5. CONSIDERAÇÕES FINAIS
Ao longo do presente trabalho, e após observar as evoluções no direito e da sociedade, é possível afirmar que este não acompanhou a evolução no direito de família, contudo, a passos lentos temos notado alguns posicionamentos de reconhecimento, entretanto, essa mecanização do direito brasileiro concorre para a ausência de proteção legal dos novos modelos de famílias, e essas ficam desamparadas perante a justiça.
Não há dúvidas que a Constituição possui um mecanismo que possibilita o surgimento de novas entidades familiares, baseadas no afeto. O não reconhecimento destas famílias deixam aqueles que mais precisam de proteção jurídica desamparados, violando o princípio da igualdade, solidariedade, dignidade da pessoa humana e afetividade. É importante frisar que a temática foi proposta a fim de que a sociedade se conscientize e consiga visualizar a existência dessa simultaneidade, no ambiente familiar com o objetivo em evitar seu desamparo. Além disso, se a proteção do Estado é para toda e qualquer forma de família, isso não exclui as famílias simultâneas, devendo, ao contrário ser regrado pelo Estado apenas as questões patrimoniais.

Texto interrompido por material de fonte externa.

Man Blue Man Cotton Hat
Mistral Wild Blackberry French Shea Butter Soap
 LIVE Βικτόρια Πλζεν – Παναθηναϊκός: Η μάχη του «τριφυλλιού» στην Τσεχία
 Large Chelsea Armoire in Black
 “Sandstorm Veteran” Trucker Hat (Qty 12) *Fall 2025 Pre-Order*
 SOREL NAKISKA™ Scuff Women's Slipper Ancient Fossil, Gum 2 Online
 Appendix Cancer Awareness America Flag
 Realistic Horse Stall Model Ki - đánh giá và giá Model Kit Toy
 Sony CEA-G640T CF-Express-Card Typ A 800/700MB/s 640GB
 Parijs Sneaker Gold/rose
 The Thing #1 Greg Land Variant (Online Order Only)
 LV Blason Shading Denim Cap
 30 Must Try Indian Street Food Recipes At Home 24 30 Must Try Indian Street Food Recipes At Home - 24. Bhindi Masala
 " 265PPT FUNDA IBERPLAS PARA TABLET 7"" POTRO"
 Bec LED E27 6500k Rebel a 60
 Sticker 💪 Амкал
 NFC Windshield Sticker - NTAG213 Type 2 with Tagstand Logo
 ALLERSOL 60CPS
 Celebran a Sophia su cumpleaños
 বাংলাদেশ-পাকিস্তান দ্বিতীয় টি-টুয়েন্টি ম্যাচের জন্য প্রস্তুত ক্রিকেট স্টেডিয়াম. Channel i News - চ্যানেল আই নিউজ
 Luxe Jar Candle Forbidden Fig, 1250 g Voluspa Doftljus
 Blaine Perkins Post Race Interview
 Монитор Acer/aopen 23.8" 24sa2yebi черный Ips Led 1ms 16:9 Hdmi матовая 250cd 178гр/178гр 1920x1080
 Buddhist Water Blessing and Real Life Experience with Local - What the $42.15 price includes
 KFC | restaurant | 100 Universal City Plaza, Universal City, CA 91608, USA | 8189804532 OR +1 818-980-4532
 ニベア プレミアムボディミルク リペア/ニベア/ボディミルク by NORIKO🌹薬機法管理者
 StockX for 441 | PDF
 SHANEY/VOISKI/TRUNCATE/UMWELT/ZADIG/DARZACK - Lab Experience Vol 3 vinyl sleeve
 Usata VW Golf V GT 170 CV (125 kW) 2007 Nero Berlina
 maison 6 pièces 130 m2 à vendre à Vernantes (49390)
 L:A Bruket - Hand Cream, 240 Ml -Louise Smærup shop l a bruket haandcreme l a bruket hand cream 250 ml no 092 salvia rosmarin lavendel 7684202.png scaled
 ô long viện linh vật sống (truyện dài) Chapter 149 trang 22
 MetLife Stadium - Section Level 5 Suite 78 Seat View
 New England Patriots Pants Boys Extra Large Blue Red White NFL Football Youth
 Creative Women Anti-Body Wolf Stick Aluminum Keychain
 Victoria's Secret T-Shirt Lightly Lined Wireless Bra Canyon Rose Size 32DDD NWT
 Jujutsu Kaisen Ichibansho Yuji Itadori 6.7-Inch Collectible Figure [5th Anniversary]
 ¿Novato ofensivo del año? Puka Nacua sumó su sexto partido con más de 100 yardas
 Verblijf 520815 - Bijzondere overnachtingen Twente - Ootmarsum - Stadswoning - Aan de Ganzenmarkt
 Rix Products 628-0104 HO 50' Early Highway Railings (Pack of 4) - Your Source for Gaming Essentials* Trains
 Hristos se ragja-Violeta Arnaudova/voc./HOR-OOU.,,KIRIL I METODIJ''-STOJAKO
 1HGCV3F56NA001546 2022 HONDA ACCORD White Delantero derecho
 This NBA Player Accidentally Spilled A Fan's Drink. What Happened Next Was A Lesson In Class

Por fim, é válido observar que não se está a defendera instituição da poligamia no Direito e na sociedade brasileira, ou a multiplicidade de relações afetivas. Defende- se, no entanto, a liberdade de escolha das relações de afeto que melhor satisfaça a busca da realização pessoal de cada umdos integrantes da família, e os conseqüentes efeitos jurídicos que daí resulte, inclinando-se sempre ao princípio basilar da dignidade da pessoa humana.